Subadviser will report annually to Client and the Fund regarding such voting in
a format reasonably requested by the Client. Subadviser represents that it has
adopted and implemented written policies and procedures that are reasonably
designed to ensure that the Subadviser votes proxies in the best interest of the
Fund in compliance with the requirements of Rule 206(4)-6 under the Investment
Advisers Act of 1940 ("Advisers Act"). The Subadviser shall promptly provide
notice and copies of any material changes to its policies, procedures or other
guidelines for voting proxies to the Board of Directors of The
2
Vantagepoint Funds or the Client. Upon request, the Subadviser shall provide The
Vantagepoint Funds with a complete and current copy of its policies, procedures
and other guidelines or a description of such policies, procedures and
guidelines for the purpose of filing such document(s) in The Vantagepoint Funds'
prospectus or as otherwise required by the Securities Act of 1933 or 1940 Act
and the rules thereunder.
(e) Key Personnel. Subadviser agrees that the following key personnel will
have primary responsibility with respect to the investment management of the
Account. If these individuals are unable to devote sufficient time to maintain
primary responsibility for the Account, Subadviser must give Client written
advance notice, or, if Subadviser does not have advance knowledge of such
inability, prompt written notice within three (3) business days after Subadviser
first learns of such inability, of the name of the person designated by
Subadviser to replace or supplement these individuals. In addition, Subadviser
shall give Client written notice of the replacement of any employee of
Subadviser who has direct supervisory responsibility for the key personnel or
who has responsibility for setting investment policy as soon as reasonably
practicable.
Key Personnel: Xxxxx Xxxxxx
Xxxxx Xxxxxxx
Xxxxxxx Xxxxxxx
3. ACCEPTANCE OF APPOINTMENT
Subadviser accepts the appointment as an investment subadviser of the Fund
and agrees to use its best efforts and professional judgment to make timely
investment transactions for the Client with respect to the investments of the
Account, and to provide the other services required of Subadviser under the
provisions of this Agreement.
4. INVESTMENT POLICIES
(a) Investment Objectives and Restrictions. Subject to the supervision of
The Vantagepoint Funds' Board of Directors and Client, Subadviser shall manage
the assets and direct the investments of the Fund held in the Account in
accordance with The Vantagepoint Funds' prospectus and statement of additional
information, with the written investment objectives, policies, procedures,
guidelines, restrictions and liquidity requirements of The Vantagepoint Funds
and the Fund, with The Vantagepoint Funds' compliance policies, guidelines and
procedures and with any additional investment guidelines and policies that may
be communicated, from time to time, by the Client to the Subadviser, all as they
may be restated or modified from time to time by Client or The Vantagepoint
Funds. Client retains the right, on sufficient prior written notice to
Subadviser and without amending this Agreement, to modify any such objectives,
policies, procedures, guidelines, restrictions, or requirements in any manner
and at any time as may be allowed pursuant to the 1940 Act and consistent with
the terms of the Master Investment Advisory Agreement with The Vantagepoint
Funds. Client represents and warrants to Subadviser that, should Subadviser
comply with the Client's investment guidelines and policies
3
described above (including the use of derivatives), that such investment
guidelines and policies comply with the 1940 Act and The Vantagepoint Fund's
prospectus.
(b) Agreement and Registration Statement. Subadviser will adhere to all
specific provisions in this Agreement and in The Vantagepoint Funds' current
Registration Statement on Form N-1A as it may be amended and updated from time
to time and filed with the Securities and Exchange Commission on Form N-1A
("Registration Statement"). The Registration Statement is hereby incorporated by
reference and made a part of this Agreement. The Client shall give written
notice to the Subadviser of any amendments to the Registration Statement, which
amendments, upon their receipt by Subadviser, shall be binding on Subadviser.
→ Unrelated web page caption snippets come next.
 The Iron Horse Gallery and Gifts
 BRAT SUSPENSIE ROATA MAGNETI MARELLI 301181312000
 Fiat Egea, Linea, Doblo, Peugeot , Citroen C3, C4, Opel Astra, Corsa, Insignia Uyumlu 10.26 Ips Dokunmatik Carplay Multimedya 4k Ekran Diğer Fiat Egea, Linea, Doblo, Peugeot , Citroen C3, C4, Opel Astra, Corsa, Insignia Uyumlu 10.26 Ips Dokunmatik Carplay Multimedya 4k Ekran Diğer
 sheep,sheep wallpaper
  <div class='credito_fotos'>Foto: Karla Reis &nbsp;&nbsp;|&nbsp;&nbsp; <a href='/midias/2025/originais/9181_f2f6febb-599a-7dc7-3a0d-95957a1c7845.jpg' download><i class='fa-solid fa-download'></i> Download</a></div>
However, Subadviser shall only be required to adhere to such specific provisions
of the Registration Statement and any amendments thereto, that are applicable to
Subadviser and the Account and solely to the extent copies of such specific
provisions have been provided and described to Subadviser by Client.
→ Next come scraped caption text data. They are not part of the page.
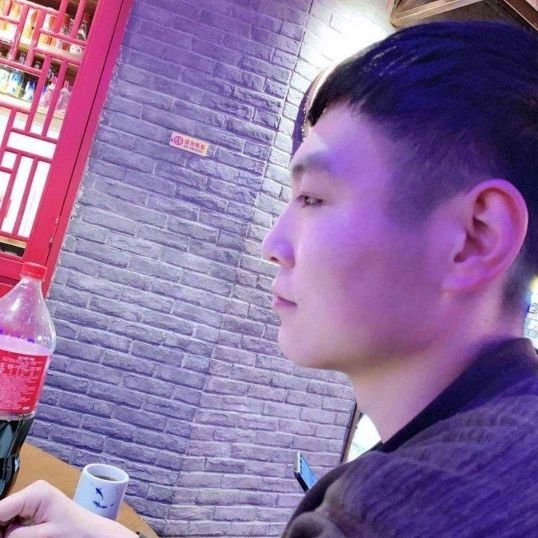 皮皮鲁的第一张照片--残疾人相亲网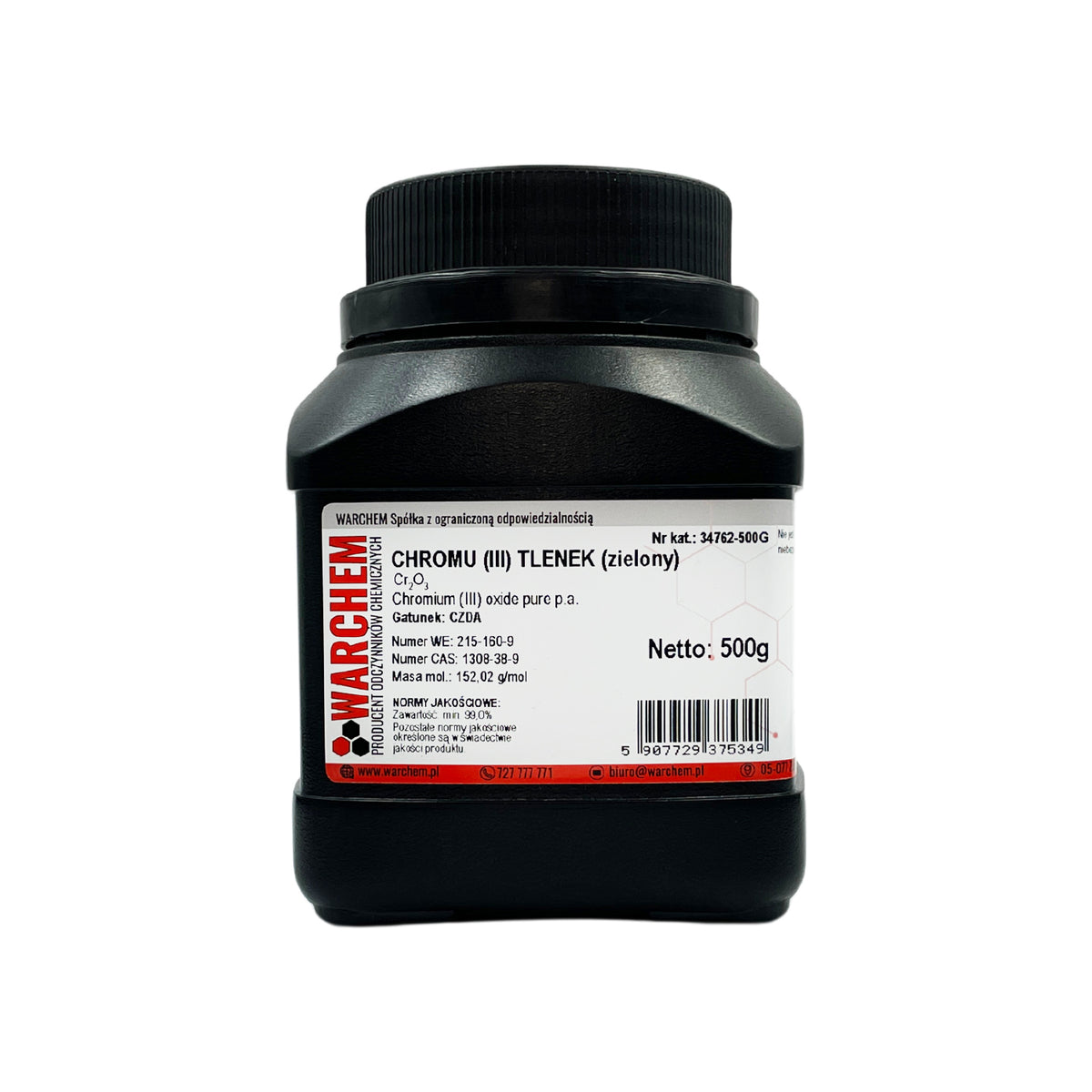 7092a41af188cf887aea1ff4014d5b20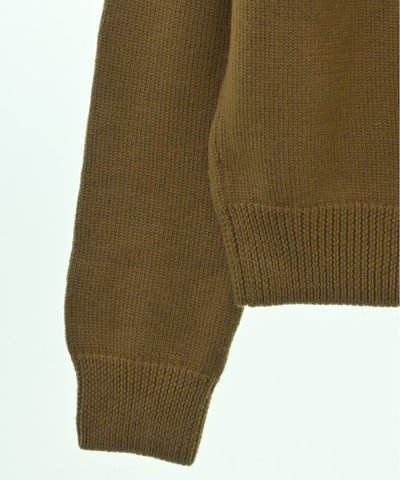 UNITED ARROWS Sweaters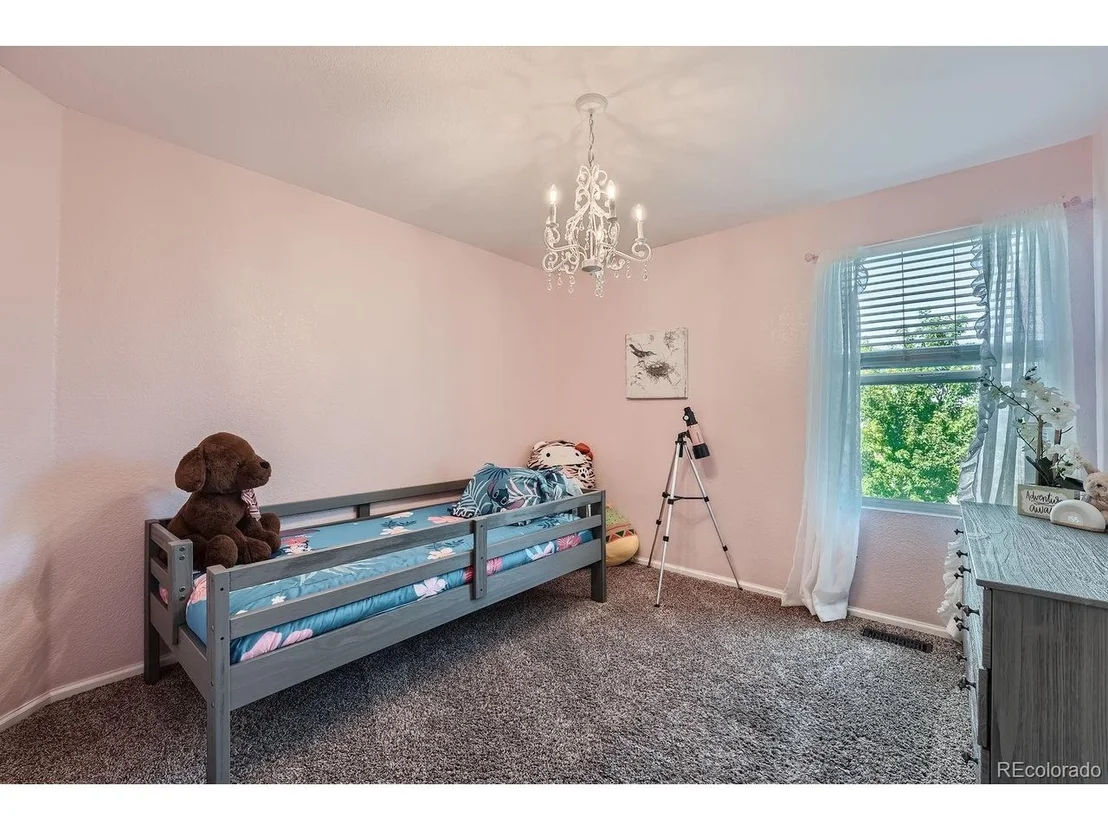 Photo of 16685 Trail Sky Cir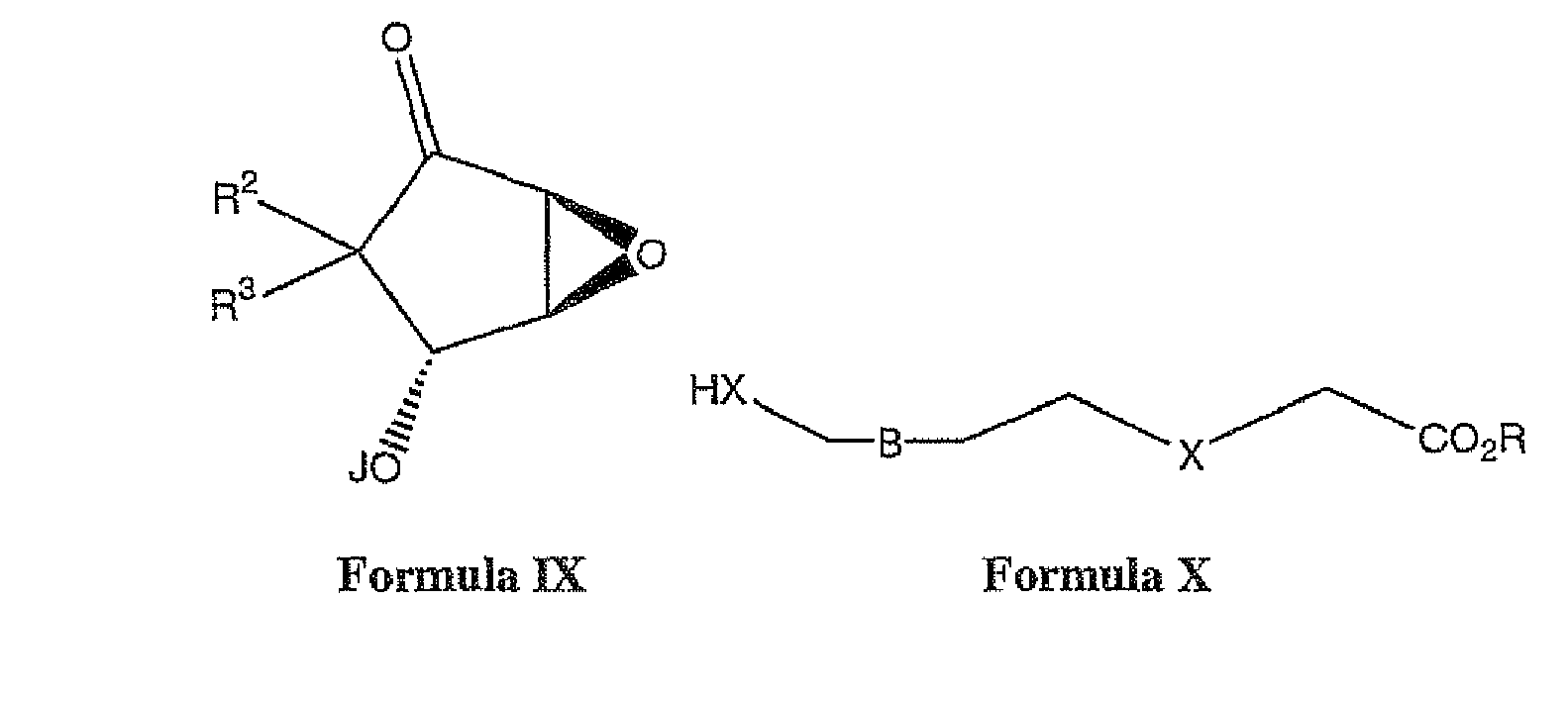 Figure imgb0012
(c) Conflict in Policies. If a conflict in policies or guidelines
referenced herein occurs, the Registration Statement shall govern for purposes
of this Agreement.
5. CUSTODY, DELIVERY, RECEIPT OF SECURITIES
(a) Custody Responsibilities. Client shall designate one or more custodians
(the "Custodian") to hold the Account assets. The Custodian, as designated by
Client will be responsible for the custody, receipt and delivery of securities
and other assets of The Vantagepoint Funds (including the Account), and
Subadviser shall have no authority, responsibility or obligation with respect to
the custody, receipt or delivery of securities or other assets of The
Vantagepoint Funds (including the Account). In the event that any cash or
securities of The Vantagepoint Funds are delivered to Subadviser, it will
promptly deliver the same over to the Custodian, in the name of The Vantagepoint
Funds, as permitted by applicable law. Client shall be responsible for all
custodial arrangements, including the payment of all fees and charges to
Custodian. Subadviser shall not be responsible or liable for any act or omission
of Custodian.
(b) Securities Transactions. Unless otherwise required by local custom, all
securities transactions for the Account will be consummated by payment to or
delivery by The Vantagepoint Funds of cash or securities due to or from the
Account. Subadviser will make all reasonable efforts to notify the Custodian of
all orders to brokers for the Account by 9:00 a.m. Eastern Time on the day
following the trade date and will affirm the trade before the close of business
one (1) business day after the trade date (T+1).
6. RECORD KEEPING AND REPORTING
(a) Records. Subadviser will maintain proper and complete records relating
to the furnishing of services under this Agreement that are required to be
maintained in accordance with good practice, applicable federal and state
securities laws, including the 1940 Act, and including records with respect to
the acquisition, holding and disposition of securities for Client in accordance
with applicable laws and rules and such
4
reasonable instructions as shall be provided to Subadviser by Client from time
to time. All records maintained pursuant to this Agreement shall be subject to
examination by Client and by persons authorized by it during normal business
hours upon reasonable notice. Except as expressly authorized in this Agreement,
as may be required by applicable law, rule or as requested by regulatory
authorities having jurisdiction over a party to this Agreement or other auditors
or as directed by other party in writing, Subadviser and Client shall keep
confidential the records and other information obtained by reason of this
Agreement. Upon termination of this Agreement, Subadviser shall promptly, upon
demand, return to Client all records Client reasonably believes are necessary in
order to discharge its responsibilities to The Vantagepoint Funds. Subadviser
shall be entitled to retain originals or copies of records pursuant to the
requirements of applicable laws or regulations.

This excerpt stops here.